"That ’70s Show" has now morphed into “That ’90s Show,” a new show that starts streaming Thursday on Netflix.
"That ’90s Show" is a sequel to the old one, and features some of the original characters and cast members from the old one too.
In the new show, the former teenagers are now long grown up with teen children of their own. This group of teens and their friends assume the same positions in the show as their parents before them.
If this seems complicated, allow me to make things even more complicated with this time line of the “That ’70s Show” universe. I am doing this so you don’t have to.
The original “That ’70s Show” aired on Fox for eight seasons from August 1998 to May 2006. The show’s 1970s timeframe was May 1976 to December 1979, ending with the onset of the fictional 1980s.
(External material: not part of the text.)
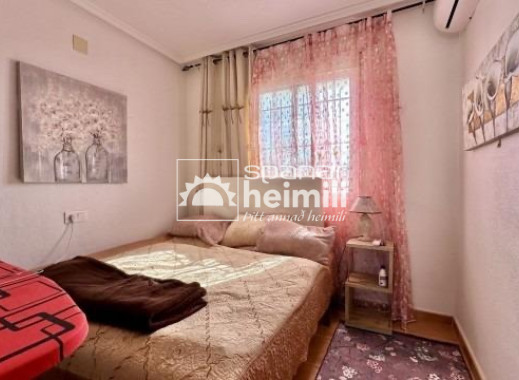 Revente - Mitoyenne -
Los Altos/Los Balcones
The principal teen characters in the show were in high school, around 16-18 years-old, give or take, in 1976. The ages of the real actors then were: Topher Grace, 20, Laura Prepon, 18, Ashton Kutcher, 20, Wilmer Valderrama, 18, and Mila Kunis, 15 (the youngest member of the teen cast).
The new “That ’90s Show” opens on July 3, 1995. In the show’s first episode, we learn that the Topher Grace character is 38.
Assuming that his childhood friends were all around the same age, then they too must be in the latter half of their 30s in the new show, which starts 19 years after “That ’70s Show” began in 1976 and 16 years after it ended in 1979.
“That ’70s Show” was ingeniously formulated to appeal to an audience watching in 1998-2006 whose formative years were 20 years earlier, more or less, in 1976-79.
“That ’90s Show” has been made to appeal to an audience watching today whose formative years fall more or less into the 1998-2006 run of “That ’70s Show.”
The age group targeted by “That 70s Show” was one that TV networks and their sponsors wanted to reach back then, and still do -- generally speaking, adults in their late 30s and early 40s.
“That ’90 Show” is designed for roughly the same reason -- to appeal to a group similar in age with a sitcom reflecting the way they grew up in the 1990s.
Now that Netflix is in the business of ad sales, look for more of this kind of “targeted TV” on the streaming service’s content menus.
As for “That ’90s Show,” it is a sitcom out of the network mold. Each character’s every utterance is met by a tsunami of prerecorded laughter and the characters talk louder to each other than anyone in the real world ever does.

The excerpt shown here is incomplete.